A few months ago I was feeding my internet addiction on programming.reddit and stumbled upon Kevin Beason's smallpt, a global illumination renderer in 99 lines of c++. He uses Monte Carlo path tracing. In this approach, the radiance at each pixel is estimated by taking the average of many independent samples. Producing good visual results is slow (compared with other approaches) because quadrupling the number of samples only reduces the error by half. However, the solution is "embarrassingly parallel" so it can be sped up substantially if you have the horsepower to throw at it.

Around the same time I discovered smallpt I was learning about Google App Engine. App Engine lets you write web apps that run on Google's infrastructure. It is designed to automagically scale as traffic increases, spawning new instances of an app that run in parallel. The natural question was, could smallpt be ported to App Engine? How much of a speedup was possible?

smallpt is clearly CPU bound and App Engine has a max rate limit of 72 CPU-minutes/minute. This basically means the equivalent of 72 1.2 GHz processors can be used at once. Beason's highest quality example took 10.3 hrs to render at 1024x768 using a 2.4 GHz quad core. A rough estimate of the potential speedup was (72 * 1.2) / (4 * 2.4) = 9x. This was a bit less than I had hoped for (I wanted a lightning fast render farm!), but I decided to move forward anyway.

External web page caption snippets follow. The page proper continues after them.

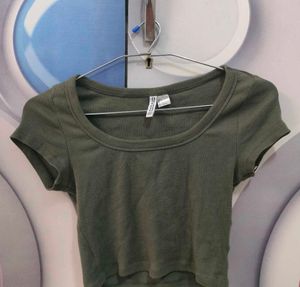 hnm- crop top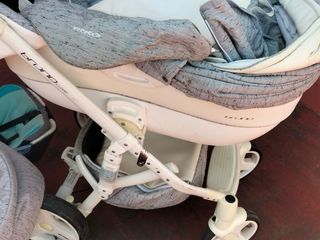 Carrito de bebé y silla de coche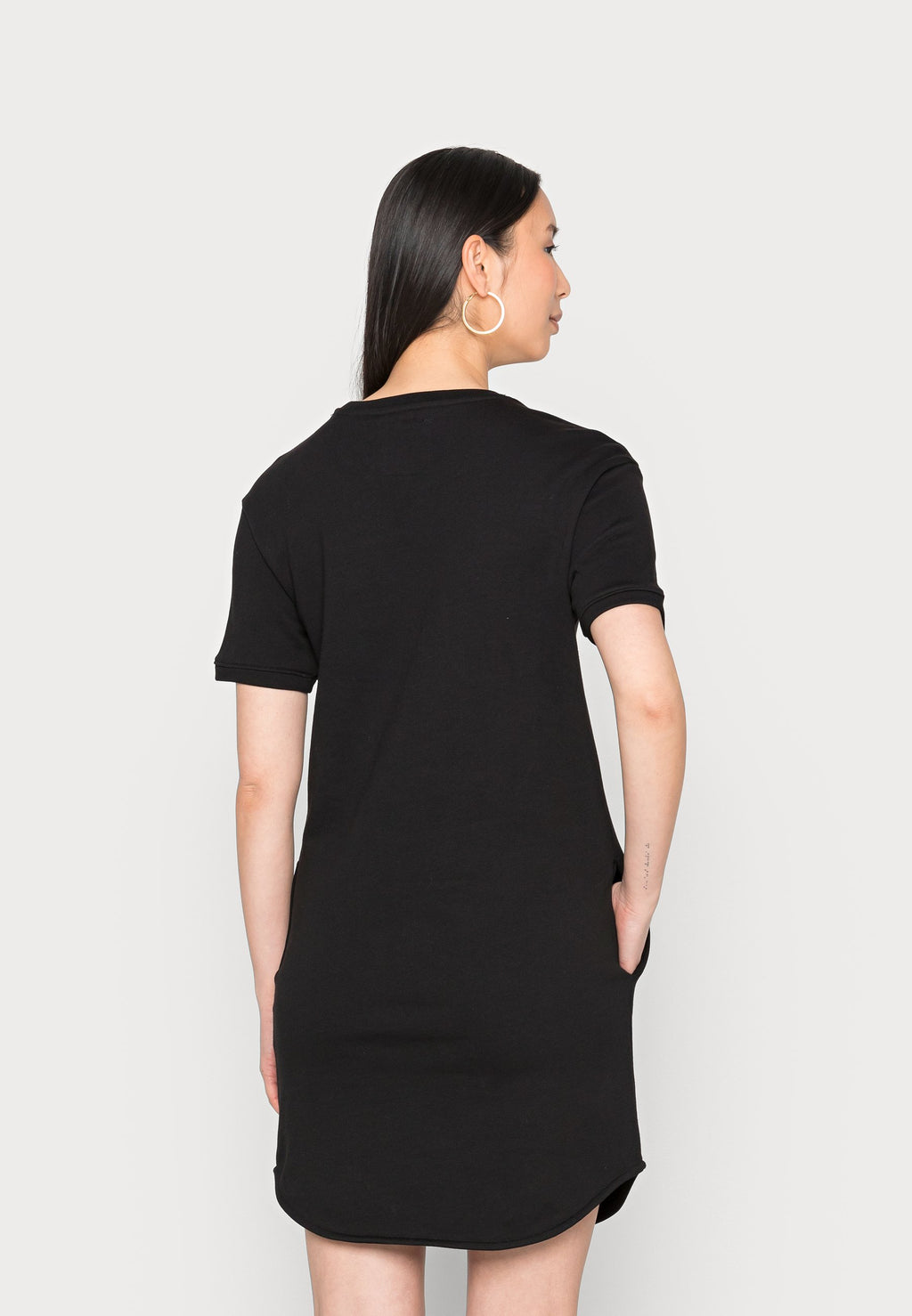 VESTITO Media 4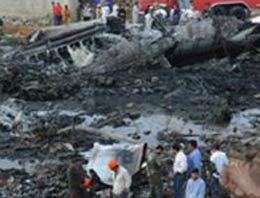 İzmir'de eğitim uçağı düştü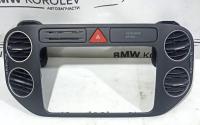 Рамка магнитолы Golf Plus 2005-2014  5M0858069NVAL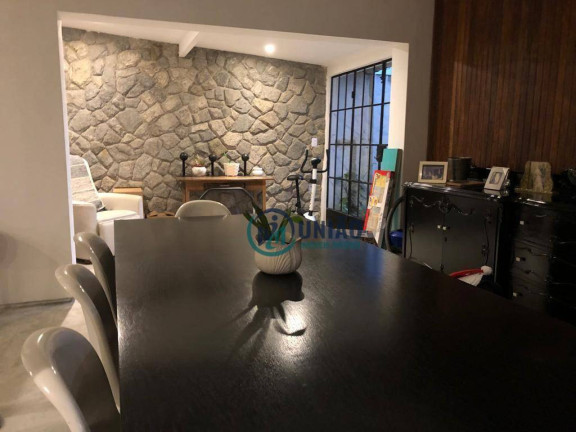 Imagem Casa com 6 Quartos à Venda, 425 m² em São Francisco - Niterói Imagem Casa com 6 Quartos à Venda, 425 m² em São Francisco - Niterói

My first step was to port smallpt from c++ to python. This turned out to be a mistake. My implementation was about 300x slower than the c++ version. I'm sure there was plenty of opportunity for improvement. I'm a python novice, I didn't check that I was following "best practices" for performance, and I didn't try running it on an optimized interpreter (I think Google uses one). However, after taking a look at language benchmarks, I wasn't convinced I could obtain the performance I wanted. I decided to switch to Java. Much to my surprise, my Java implementation performed nearly as well as the c++ version! Next, I built a web interface for telling app instances to trace a specific section of the image. At this point, my time and interest shifted to other projects. Rather than let the source code slowly be forgotten on my hard drive I'm releasing it. Maybe it will serve as a reference or starting point for others. Proceed at your own risk.

- Send multiple HTTP requests at once from the computer coordinating the rendering distribution (NIO?)
- App instances need to track their runtime to prevent going over the 30 second request limit
- App instances need to track their cpu usage to prevent going over the 72 CPU-minutes/minute limit (it's not guaranteed that all machines will be 1.2 GHz)
- Each App Engine account supports up to 10 unique apps. It's against the rules to have multiple apps that act as one. If you want to briefly "bend the rules" for learning purposes, you could try creating 10 copies of the same thing. This would have a potential 90x speedup. (I'm kind of curious if Google has a way to detect when someone creates identical or near identical copies of the same app.)
- If you really want to break the rules, you could try creating multiple App Engine accounts that each have 10 copies of the app. This would be a bit challenging because the signup process requires a unique cell phone number. Google sends you a registration code via SMS. You might be able to get around this by purchasing a few phones numbers using twilio @ $1/each. The second challenge is that getting the full 72 CPU-minutes/minute requires enabling billing which requires a Google Checkout account. Will Google allow you to use the same credit card for multiple Checkout accounts?
- Optimization pass
- Standards/documentation/best practices pass